[Data to process]
::::::::::
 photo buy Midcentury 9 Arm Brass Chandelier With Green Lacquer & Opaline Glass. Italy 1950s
::::::::::
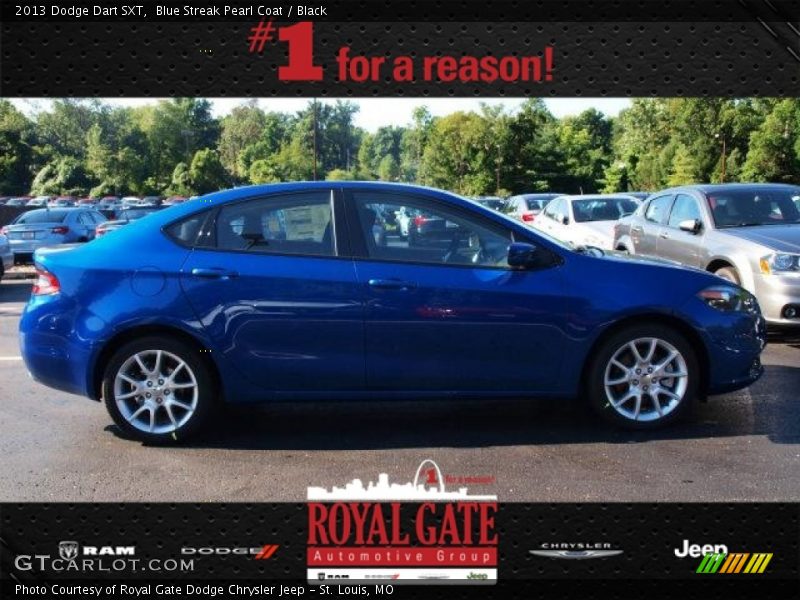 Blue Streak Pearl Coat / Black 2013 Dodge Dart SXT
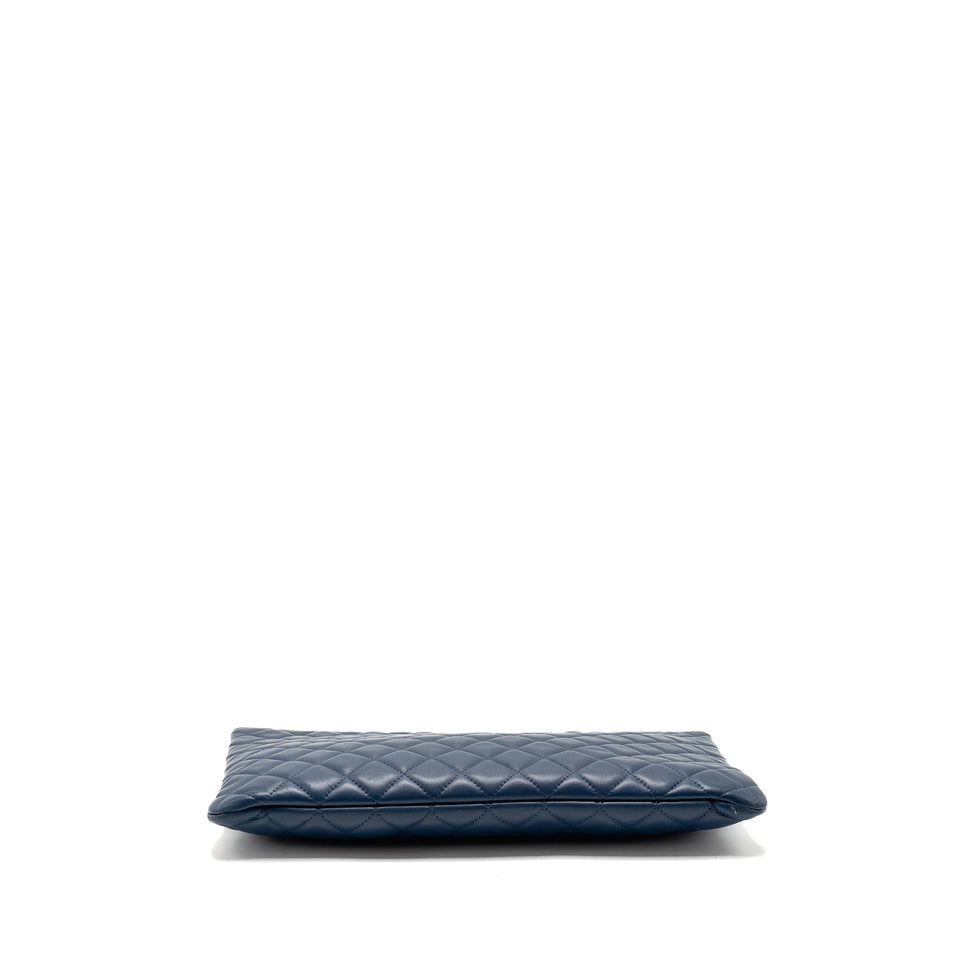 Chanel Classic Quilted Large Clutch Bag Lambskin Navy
::::::::::
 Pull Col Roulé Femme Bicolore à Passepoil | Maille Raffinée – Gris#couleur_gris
::::::::::
Could you transcribe exactly the entries above, but only the lines from the one with "Blue Streak Pearl" through the one with "Chanel Classic Quilted", and without pictures?

 Blue Streak Pearl Coat / Black 2013 Dodge Dart SXT
 Chanel Classic Quilted Large Clutch Bag Lambskin Navy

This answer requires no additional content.